Read in one (or more) of the following datasets, using the correct R package and command.

  • snl ⭐⭐⭐⭐⭐
snl_actors <- read_csv("_data/snl_actors.csv", show_col_types = FALSE)
snl_casts <- read_csv("_data/snl_casts.csv", show_col_types = FALSE)
snl_seasons <- read_csv("_data/snl_seasons.csv", show_col_types = FALSE)

Briefly describe the data

snl_actors

This data frame is a list of actors who were SNL, if they were guests, crew members or part of the cast, and finally their gender

snl_casts

This data frame contains information about which actor appeared in which season in SNL and other information about the actor-season relationship

snl_seasons

Finally this data frame contains information about each season like air year, no. of episodes and first and last episode id

Join Data

lets joins the actors and casts data frame by aid.

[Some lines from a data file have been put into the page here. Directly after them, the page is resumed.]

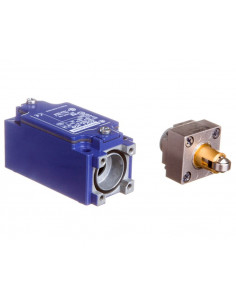 Wyłącznik krańcowy z rolką...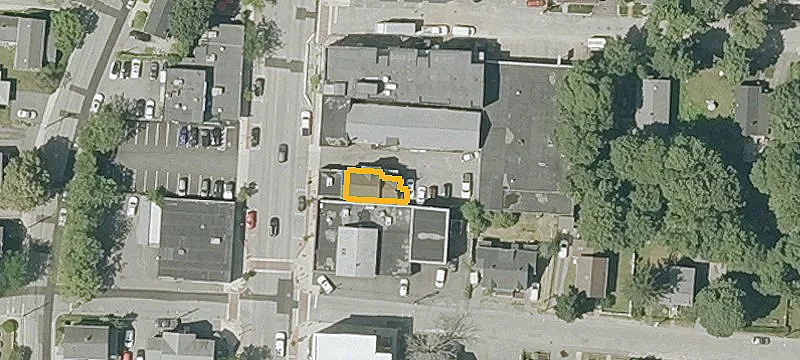 519 Main St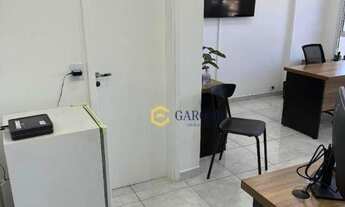 Imagem 2: Sala à venda, 30 m² - Vila Leopoldina - São Paulo/SP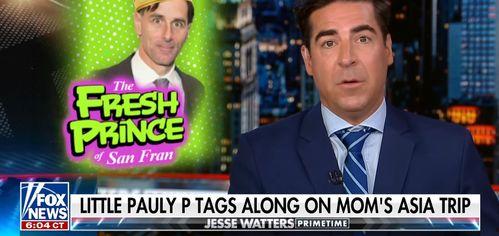 外媒佩洛西最新爆料,揭秘美国政治内幕！”  第2张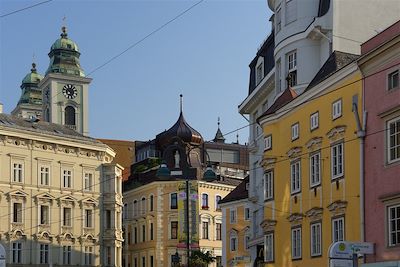 Voyage Danube à vélo, hébergements et terroir locaux 3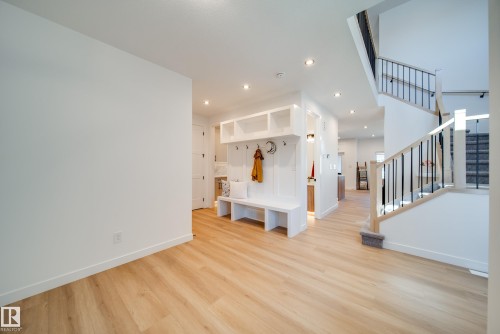 6 Blackbird Bend, Fort Saskatchewan, AB - Indoor Photo Showing Other Room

Let us also drop url

snl_casts_actors <- snl_casts %>% 
                left_join(snl_actors, by ="aid") %>%
                select(!url)

snl_casts_actors

Let us next join snl_casts_actors and snl_seasons based on sid. Let us also drop episode information

snl_agg_data <- snl_casts_actors %>% 
                left_join(snl_seasons, by ="sid") %>%
                select(-c(first_epid.x, last_epid.x, n_episodes.x, first_epid.y, last_epid.y, n_episodes.y))

snl_agg_data

Let us now try to see the number od male and female actors across the years

snl_agg_data_filtered <- snl_agg_data %>% group_by(sid, year, gender) %>% summarise(count = n(), .groups = 'drop')

snl_agg_data_filtered

Let us try to visualize this

ggplot(snl_agg_data_filtered, aes(year, count, col = gender)) + geom_line()

We can see from the plot that the number of female actors on SNL has increased from the 2010s. Also we can see the actors with gender marked as “unkown” (possibly individuals that identify as non-binary) have appreared on SNL from the 2020s.